A partnership firm is a business structure in which two or more individuals manage and operate a business in accordance with the terms and objectives set out in a Partnership Deed that may or may not be registered. In such a business, the members are individually partners and share the liabilities as well as profits of the firm in a predetermined ratio.

A partnership firm is best for small businesses that plan to remain small. Low costs, ease of setting up and minimal compliance requirements make it a sensible option for such businesses. Registration is optional for General Partnerships. It is governed by Section 4 of the Partnership Act, 1932. For larger businesses, it has lost its relevance with the introduction of the Limited Liability Partnership (LLP). This is because an LLP retains the low costs of a partnership while providing the benefit of unlimited liability, which means that partners are not personally liable for the debts of the business.
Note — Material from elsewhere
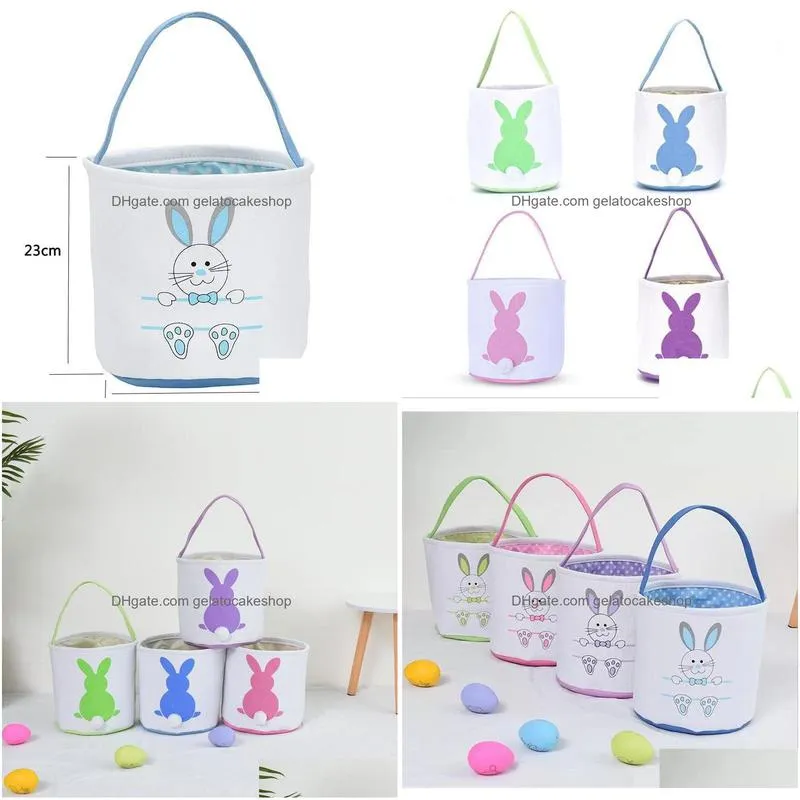 party easter basket canvas buckets personalized easters bunny gift bags rabbit tail tote bag 10 styles mix wholesale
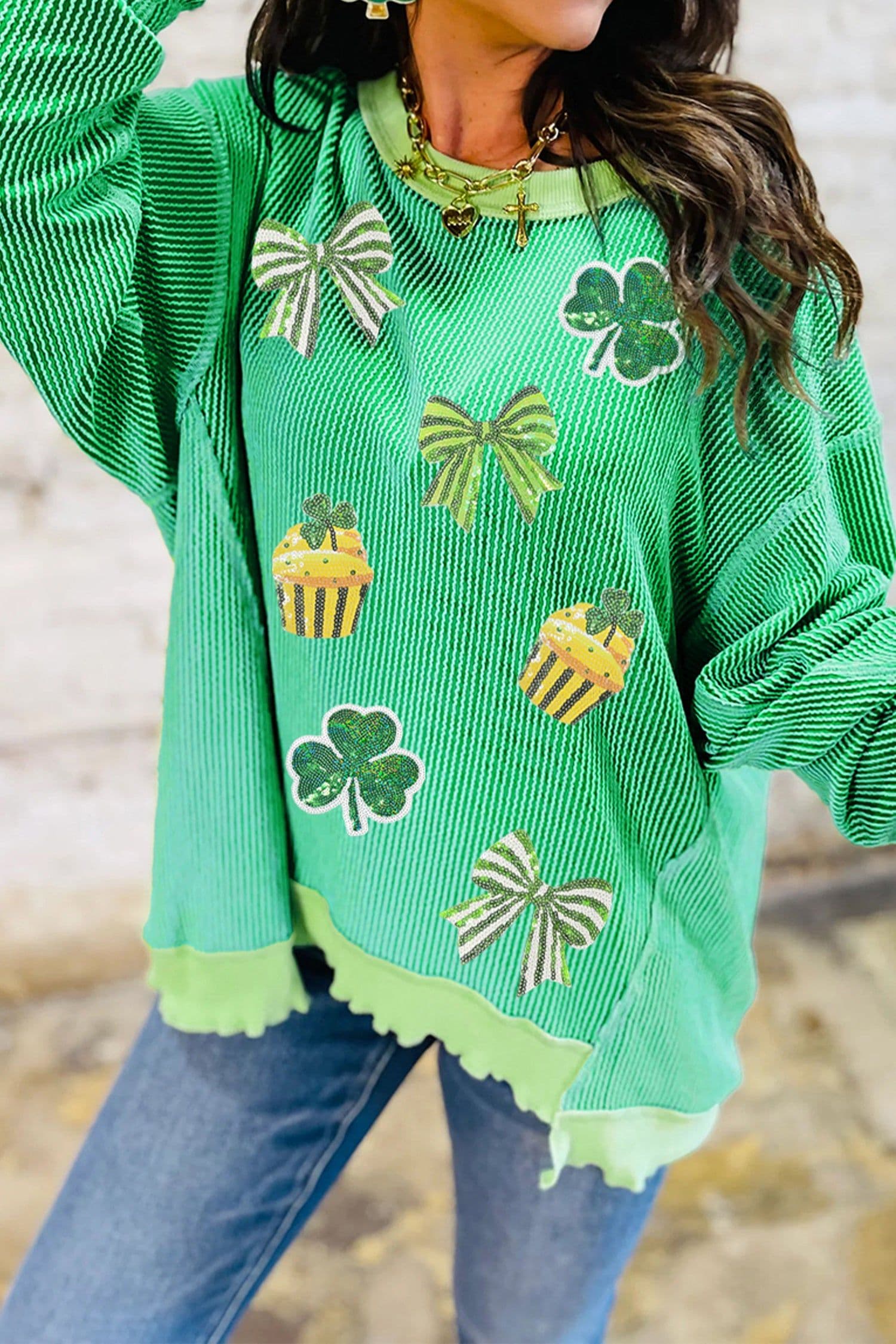 image-Bright Green Twisted Rib St Patricks Day Sequin Patch Graphic Long Sleeve Top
The partners in a partnership firm are the owners, and thus, are not separate entity from the firm. Any legal issues or debt incurred by the firm is the responsibility of its owners, the partners.

A partnership must have at least two partners. A partnership firm in the banking business can have up to 10 partners, while those engaged in any other business can have 20 partners. These partners can divide profits and losses equally or unequally.

No, registration of a partnership is not necessary. However, for a partner to sue another partner or the firm itself, the partnership should be registered. Moreover, for the partnership to bring any suit to court, the firm should be registered. For this reason, it is recommended that larger businesses register the partnership deed.

The deed should contain names of the partners and their addresses, the partnership name, the date of commencement of operation of the firm, any capital invested by each partner, the type of partnership and profit-sharing matrix, rules and regulations to be followed for intake of partners or removal.